San Antonio Chicken
Submitted by Sue Lowes on Apr 23, 2010
Chicken with black beans
Servings:
6
Complexity:
Very Easy
Total Time:
1 hour
Ingredients:
6 chicken breast halves, boned and skinned
2 teaspoons ground cumin
1 teaspoon garlic salt
1 tablespoon vegetable oil
1 cup rinsed and drained canned black beans
1 can (8oz) whole kernel corn, drained
2/3 cup Pace Picante Sauce
1/2 cup diced red bell pepper
2 tablespoons chopped cilantro
Directions:
Sprinkle both sides of chicken with 1 tsp of the cumin and garlic salt. Heat oil in 12-inch skillet over medium-high heat. Add chicken, cook 3 minutes. In medium bowl, combine beans, corn, Picante Sauce, red pepper and remaining 1 tsp cumin. Turn chicken; spoon bean mixture evenly over chicken.

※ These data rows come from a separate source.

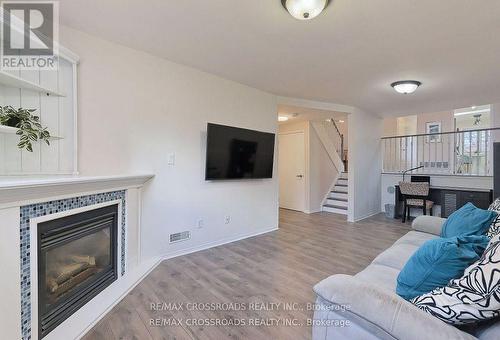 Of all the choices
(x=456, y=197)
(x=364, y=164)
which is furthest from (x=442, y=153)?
(x=364, y=164)

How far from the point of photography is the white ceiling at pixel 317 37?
6.33 ft

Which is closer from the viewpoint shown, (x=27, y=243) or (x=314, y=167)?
(x=27, y=243)

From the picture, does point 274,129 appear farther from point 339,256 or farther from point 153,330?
point 153,330

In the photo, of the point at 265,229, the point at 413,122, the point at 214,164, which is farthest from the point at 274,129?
the point at 413,122

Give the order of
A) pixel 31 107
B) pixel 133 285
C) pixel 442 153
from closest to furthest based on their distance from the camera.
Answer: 1. pixel 31 107
2. pixel 133 285
3. pixel 442 153

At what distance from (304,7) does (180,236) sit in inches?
110

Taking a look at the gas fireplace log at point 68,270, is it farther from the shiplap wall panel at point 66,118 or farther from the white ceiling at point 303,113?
the white ceiling at point 303,113

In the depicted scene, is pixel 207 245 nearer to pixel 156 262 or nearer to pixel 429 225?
pixel 156 262

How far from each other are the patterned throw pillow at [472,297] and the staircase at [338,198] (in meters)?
5.13

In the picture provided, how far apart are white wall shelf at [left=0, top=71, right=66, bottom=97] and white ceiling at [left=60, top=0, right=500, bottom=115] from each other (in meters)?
0.68

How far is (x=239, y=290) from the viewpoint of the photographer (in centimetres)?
229

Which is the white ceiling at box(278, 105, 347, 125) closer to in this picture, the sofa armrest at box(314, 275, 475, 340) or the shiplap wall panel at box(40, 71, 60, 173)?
the shiplap wall panel at box(40, 71, 60, 173)

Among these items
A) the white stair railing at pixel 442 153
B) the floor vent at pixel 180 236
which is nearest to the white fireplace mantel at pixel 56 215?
the floor vent at pixel 180 236

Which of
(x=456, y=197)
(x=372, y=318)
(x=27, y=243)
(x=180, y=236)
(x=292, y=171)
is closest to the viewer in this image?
(x=372, y=318) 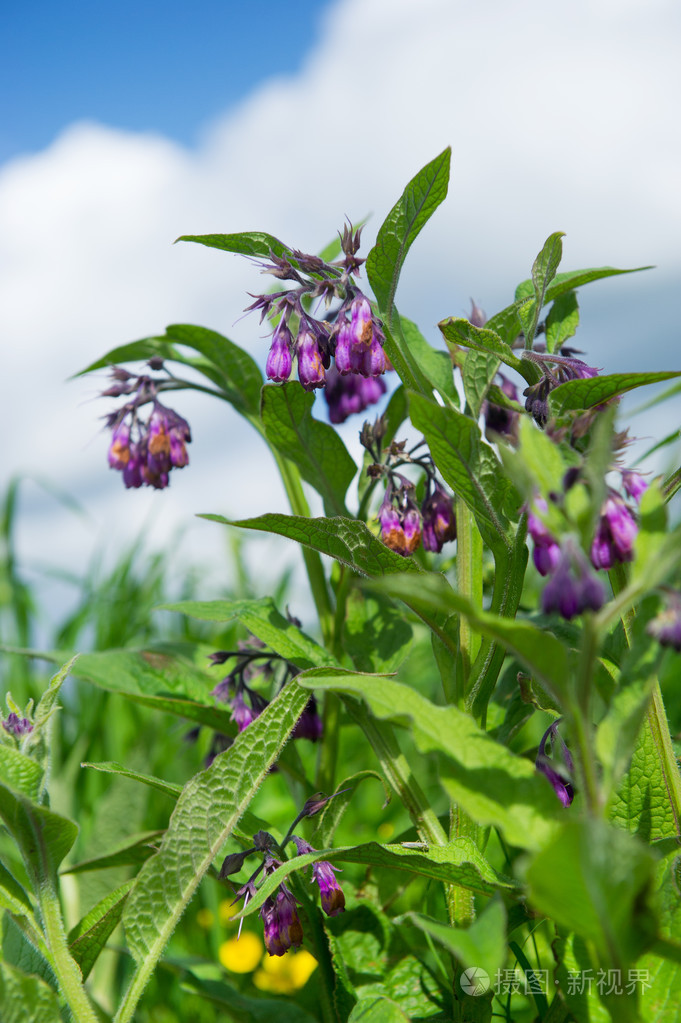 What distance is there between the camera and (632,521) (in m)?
1.24

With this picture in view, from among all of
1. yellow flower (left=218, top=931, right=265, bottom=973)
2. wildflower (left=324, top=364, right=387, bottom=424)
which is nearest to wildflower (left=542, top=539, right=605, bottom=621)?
wildflower (left=324, top=364, right=387, bottom=424)

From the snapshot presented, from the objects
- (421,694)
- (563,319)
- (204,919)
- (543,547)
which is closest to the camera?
(543,547)

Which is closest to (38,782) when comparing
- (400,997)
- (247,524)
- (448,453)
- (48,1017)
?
(48,1017)

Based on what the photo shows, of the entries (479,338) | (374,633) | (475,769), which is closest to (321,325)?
(479,338)

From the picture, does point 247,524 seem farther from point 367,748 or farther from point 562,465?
point 367,748

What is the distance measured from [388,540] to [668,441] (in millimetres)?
683

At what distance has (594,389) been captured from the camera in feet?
4.57

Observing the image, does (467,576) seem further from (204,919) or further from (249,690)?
(204,919)

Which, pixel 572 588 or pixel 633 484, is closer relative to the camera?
pixel 572 588

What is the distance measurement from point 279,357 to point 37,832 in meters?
0.98

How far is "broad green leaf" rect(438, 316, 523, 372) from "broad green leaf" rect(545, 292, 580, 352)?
35 centimetres

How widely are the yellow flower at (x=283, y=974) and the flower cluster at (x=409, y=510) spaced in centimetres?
138

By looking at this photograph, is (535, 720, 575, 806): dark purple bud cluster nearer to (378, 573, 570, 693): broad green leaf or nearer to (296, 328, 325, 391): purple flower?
(378, 573, 570, 693): broad green leaf

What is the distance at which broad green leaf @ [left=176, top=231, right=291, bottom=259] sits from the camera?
168 centimetres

Reduce heat to medium; cook uncovered 6 to 7 minutes or until chicken is cooked through. Push bean mixture off chicken into skillet. Transfer chicken to serving platter, using a slotted spoon; keep warm. Cook bean mixture over high heat 2 to 3 minutes or until thickened, stirring frequently; spoon over chicken. Sprinkle with Cilantro and serve with additional Picante Sauce.